----- SOURCE INFORMATION -----

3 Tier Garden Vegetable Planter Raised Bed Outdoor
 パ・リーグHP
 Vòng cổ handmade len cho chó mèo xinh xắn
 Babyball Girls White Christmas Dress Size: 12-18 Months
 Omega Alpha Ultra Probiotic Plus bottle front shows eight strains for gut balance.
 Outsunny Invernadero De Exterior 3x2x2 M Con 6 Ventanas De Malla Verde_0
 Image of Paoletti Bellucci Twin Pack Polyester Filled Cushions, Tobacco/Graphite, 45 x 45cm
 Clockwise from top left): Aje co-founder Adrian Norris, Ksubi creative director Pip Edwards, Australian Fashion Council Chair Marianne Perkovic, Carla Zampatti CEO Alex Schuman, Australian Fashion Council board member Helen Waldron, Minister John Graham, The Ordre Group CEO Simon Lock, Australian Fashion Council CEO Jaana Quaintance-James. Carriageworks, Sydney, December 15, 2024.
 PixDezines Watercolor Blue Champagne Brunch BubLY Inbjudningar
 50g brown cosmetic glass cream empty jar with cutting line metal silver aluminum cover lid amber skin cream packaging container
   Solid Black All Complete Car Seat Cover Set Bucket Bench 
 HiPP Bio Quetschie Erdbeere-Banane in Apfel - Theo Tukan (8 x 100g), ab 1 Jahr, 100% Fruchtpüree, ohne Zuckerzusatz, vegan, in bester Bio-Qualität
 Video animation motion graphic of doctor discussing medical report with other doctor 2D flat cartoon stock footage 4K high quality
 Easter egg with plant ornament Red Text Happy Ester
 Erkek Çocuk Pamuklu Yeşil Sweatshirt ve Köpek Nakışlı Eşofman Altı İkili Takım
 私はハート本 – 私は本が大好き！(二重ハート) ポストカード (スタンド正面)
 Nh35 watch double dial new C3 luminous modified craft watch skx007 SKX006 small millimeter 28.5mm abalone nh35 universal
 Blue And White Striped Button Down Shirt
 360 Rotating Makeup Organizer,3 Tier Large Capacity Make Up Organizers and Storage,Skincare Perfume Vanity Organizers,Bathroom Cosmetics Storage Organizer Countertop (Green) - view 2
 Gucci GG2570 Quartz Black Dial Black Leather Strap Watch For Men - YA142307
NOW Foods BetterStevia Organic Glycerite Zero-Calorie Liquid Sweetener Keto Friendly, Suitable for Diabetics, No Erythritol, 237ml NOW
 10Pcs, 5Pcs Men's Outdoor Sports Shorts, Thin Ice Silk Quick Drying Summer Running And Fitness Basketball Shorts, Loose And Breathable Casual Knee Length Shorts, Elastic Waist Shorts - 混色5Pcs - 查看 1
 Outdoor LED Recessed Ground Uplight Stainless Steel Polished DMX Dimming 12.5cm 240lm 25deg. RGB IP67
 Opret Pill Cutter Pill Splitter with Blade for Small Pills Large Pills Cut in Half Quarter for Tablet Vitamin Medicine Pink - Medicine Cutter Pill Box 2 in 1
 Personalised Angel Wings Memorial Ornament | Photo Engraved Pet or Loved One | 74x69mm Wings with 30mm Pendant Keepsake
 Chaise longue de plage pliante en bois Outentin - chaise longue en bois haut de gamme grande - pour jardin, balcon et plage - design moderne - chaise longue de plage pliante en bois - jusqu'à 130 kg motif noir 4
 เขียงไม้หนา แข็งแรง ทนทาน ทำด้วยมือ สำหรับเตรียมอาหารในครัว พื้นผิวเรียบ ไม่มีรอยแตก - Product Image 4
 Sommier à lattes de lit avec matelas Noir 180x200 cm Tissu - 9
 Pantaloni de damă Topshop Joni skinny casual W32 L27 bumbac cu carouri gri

-----

» **YOUR ASSIGNMENT**
Print again the lines of the entries above that fall between the line holding "Omega Alpha Ultra" and the line holding "Nh35 watch double", inclusive, exactly as they stand.

» **SOLUTION FOR THIS TASK**
 Omega Alpha Ultra Probiotic Plus bottle front shows eight strains for gut balance.
 Outsunny Invernadero De Exterior 3x2x2 M Con 6 Ventanas De Malla Verde_0
 Image of Paoletti Bellucci Twin Pack Polyester Filled Cushions, Tobacco/Graphite, 45 x 45cm
 Clockwise from top left): Aje co-founder Adrian Norris, Ksubi creative director Pip Edwards, Australian Fashion Council Chair Marianne Perkovic, Carla Zampatti CEO Alex Schuman, Australian Fashion Council board member Helen Waldron, Minister John Graham, The Ordre Group CEO Simon Lock, Australian Fashion Council CEO Jaana Quaintance-James. Carriageworks, Sydney, December 15, 2024.
 PixDezines Watercolor Blue Champagne Brunch BubLY Inbjudningar
 50g brown cosmetic glass cream empty jar with cutting line metal silver aluminum cover lid amber skin cream packaging container
   Solid Black All Complete Car Seat Cover Set Bucket Bench 
 HiPP Bio Quetschie Erdbeere-Banane in Apfel - Theo Tukan (8 x 100g), ab 1 Jahr, 100% Fruchtpüree, ohne Zuckerzusatz, vegan, in bester Bio-Qualität
 Video animation motion graphic of doctor discussing medical report with other doctor 2D flat cartoon stock footage 4K high quality
 Easter egg with plant ornament Red Text Happy Ester
 Erkek Çocuk Pamuklu Yeşil Sweatshirt ve Köpek Nakışlı Eşofman Altı İkili Takım
 私はハート本 – 私は本が大好き！(二重ハート) ポストカード (スタンド正面)
 Nh35 watch double dial new C3 luminous modified craft watch skx007 SKX006 small millimeter 28.5mm abalone nh35 universal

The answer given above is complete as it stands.